We did find however that the VO2 Max decreases with age for both men and women. These next couple of studies show us why it's important to confirm results using different methods and across multiple studies, particularly when you only have a small number of women in each study.
So in this study we asked not how we know there's physiological differences between men and women, how how does that relate to performing firefighter tasks? We were particularly looking at a hose dragging task. And this was done in full bunker gear: the only thing that's not very realistic is that we were inside doing this testing so the hose is not charged.
We looked at a variety of individual factors like age, sex height, weight, etc. We measured their cardiovascular response you measured strength, and we measured how long it took them to do the task. Again, we only had five women and 100 men, but what we did see in this data was that women did the uncharged hose drag faster than the men, but they climbed the stairs slower.
Men were stronger, which was consistent with our previous study. However, we found that women actually had a lower cardiovascular response. Their blood pressure didn't change as much, and their heart rate didn't change as much as the men, during performance of the task.
So next, we wanted to look at how men and women may be doing the task differently. So for this we used a different kind of research where we do virtual modeling. Now we're doing biomechanical modeling and the same pose drag task.
We had six men and six women in this study, and we used a motion capture Connect system where data was fed into biomechanical models. And we actually use three different approaches to analyze that data.
What we found amazing is that when we looked at the biomechanical modeling, the way that the women were doing the task resulted in less compression forces on their spine than the way that the men were doing the task. This is consistent with what women said in the qualitative study where they said they really had to be mindful of their body mechanics.
So in summary; Firewell.ca has a number of strategies: Our idea is that we should always include as many women firefighters as possible in the research. The ways that we do this, are that we partner with women firefighters, we collect their data, and we listen.
We present women´s data in published research, even when the numbers are small - even when we cannot be sure about the conclusions - because we know eventually we'll be able to combine that data. We always do analysis of women separately.

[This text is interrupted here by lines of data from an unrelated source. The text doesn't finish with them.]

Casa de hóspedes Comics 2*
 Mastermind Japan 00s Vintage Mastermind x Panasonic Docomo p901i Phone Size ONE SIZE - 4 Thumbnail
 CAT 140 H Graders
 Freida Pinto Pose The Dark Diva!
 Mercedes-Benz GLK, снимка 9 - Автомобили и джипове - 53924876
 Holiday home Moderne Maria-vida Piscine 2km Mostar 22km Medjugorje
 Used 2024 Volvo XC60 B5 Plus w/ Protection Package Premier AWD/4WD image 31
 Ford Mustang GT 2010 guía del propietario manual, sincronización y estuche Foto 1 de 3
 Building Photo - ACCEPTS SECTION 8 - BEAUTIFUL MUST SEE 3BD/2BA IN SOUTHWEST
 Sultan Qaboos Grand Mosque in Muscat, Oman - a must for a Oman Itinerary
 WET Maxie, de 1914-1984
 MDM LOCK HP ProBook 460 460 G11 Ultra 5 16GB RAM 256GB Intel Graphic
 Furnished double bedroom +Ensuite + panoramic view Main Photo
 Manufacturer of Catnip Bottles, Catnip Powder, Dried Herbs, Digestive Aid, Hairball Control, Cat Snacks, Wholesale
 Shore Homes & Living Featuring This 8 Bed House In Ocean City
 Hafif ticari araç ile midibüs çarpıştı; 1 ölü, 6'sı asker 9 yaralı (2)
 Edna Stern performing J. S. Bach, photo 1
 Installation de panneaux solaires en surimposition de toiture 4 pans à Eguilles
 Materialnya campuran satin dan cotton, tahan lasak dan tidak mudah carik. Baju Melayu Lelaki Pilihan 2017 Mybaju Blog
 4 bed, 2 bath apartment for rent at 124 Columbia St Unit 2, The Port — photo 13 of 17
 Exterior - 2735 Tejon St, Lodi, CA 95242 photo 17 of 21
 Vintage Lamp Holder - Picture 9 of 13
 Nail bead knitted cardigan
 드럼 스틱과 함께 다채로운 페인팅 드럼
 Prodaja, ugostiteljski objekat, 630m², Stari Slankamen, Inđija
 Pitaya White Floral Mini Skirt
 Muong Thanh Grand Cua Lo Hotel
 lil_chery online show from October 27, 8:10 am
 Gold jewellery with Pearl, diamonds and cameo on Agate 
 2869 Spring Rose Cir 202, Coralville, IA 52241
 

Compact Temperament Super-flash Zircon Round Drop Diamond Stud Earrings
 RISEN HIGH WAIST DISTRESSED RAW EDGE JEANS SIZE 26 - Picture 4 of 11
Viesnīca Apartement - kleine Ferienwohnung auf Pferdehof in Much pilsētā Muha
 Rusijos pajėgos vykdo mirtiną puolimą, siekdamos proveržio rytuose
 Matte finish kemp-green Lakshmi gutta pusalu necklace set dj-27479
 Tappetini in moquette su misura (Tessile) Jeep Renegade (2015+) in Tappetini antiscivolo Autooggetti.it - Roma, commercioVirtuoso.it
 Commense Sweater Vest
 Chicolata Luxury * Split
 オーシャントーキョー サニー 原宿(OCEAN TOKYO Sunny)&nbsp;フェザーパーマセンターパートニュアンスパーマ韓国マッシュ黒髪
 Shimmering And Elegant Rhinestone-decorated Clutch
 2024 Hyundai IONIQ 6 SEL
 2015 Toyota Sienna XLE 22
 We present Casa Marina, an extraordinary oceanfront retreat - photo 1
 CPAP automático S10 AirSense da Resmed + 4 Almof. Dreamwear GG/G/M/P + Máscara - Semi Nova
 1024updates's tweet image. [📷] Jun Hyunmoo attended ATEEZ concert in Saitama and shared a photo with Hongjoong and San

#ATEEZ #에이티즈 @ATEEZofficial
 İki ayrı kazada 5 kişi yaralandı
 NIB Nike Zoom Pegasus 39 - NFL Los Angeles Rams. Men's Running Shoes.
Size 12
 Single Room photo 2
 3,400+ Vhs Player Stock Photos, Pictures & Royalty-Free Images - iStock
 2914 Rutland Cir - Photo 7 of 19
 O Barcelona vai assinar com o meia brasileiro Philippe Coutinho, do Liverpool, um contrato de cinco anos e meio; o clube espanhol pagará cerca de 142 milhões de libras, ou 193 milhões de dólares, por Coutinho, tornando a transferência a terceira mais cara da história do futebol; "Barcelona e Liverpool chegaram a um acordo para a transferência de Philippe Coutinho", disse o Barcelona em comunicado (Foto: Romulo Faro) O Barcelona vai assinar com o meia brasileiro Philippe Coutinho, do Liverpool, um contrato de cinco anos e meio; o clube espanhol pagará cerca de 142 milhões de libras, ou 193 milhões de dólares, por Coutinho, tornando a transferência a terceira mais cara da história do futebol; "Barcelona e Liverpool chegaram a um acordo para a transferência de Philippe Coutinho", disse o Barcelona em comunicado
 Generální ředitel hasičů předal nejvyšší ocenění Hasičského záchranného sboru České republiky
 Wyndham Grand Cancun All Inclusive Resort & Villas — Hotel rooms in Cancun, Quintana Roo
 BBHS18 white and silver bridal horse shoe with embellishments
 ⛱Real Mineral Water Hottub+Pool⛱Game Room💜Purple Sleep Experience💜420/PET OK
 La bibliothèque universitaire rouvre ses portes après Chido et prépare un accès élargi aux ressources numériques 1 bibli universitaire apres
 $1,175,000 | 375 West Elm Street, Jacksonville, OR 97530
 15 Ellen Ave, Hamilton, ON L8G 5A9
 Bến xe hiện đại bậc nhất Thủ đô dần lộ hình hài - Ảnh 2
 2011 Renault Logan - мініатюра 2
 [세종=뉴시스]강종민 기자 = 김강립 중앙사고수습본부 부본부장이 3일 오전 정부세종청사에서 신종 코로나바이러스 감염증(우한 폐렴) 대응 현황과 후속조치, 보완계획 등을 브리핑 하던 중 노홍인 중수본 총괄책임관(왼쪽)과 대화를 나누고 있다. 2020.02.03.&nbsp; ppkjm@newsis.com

And it's important to know that we report when men and women are the same, and when they are different. Sometimes researchers are too excited about differences, but it's very important to acknowledge when men and women are the same and respond the same as just as much as it is to know when they are different.
We also think it's very important not to just study weaknesses and negative predictors, but also study strengths and positive predictors. I think we can acknowledge that there might be differences in the way that men and women firefighters would approach a task or duty, but sometimes there are strengths and weaknesses in the ways that that each of these would be performed.
Finally, it's also important to always acknowledge that when you're looking at a group, it never means that the results refer to an individual. There are variations between individual people that are sometimes bigger than the variations between groups.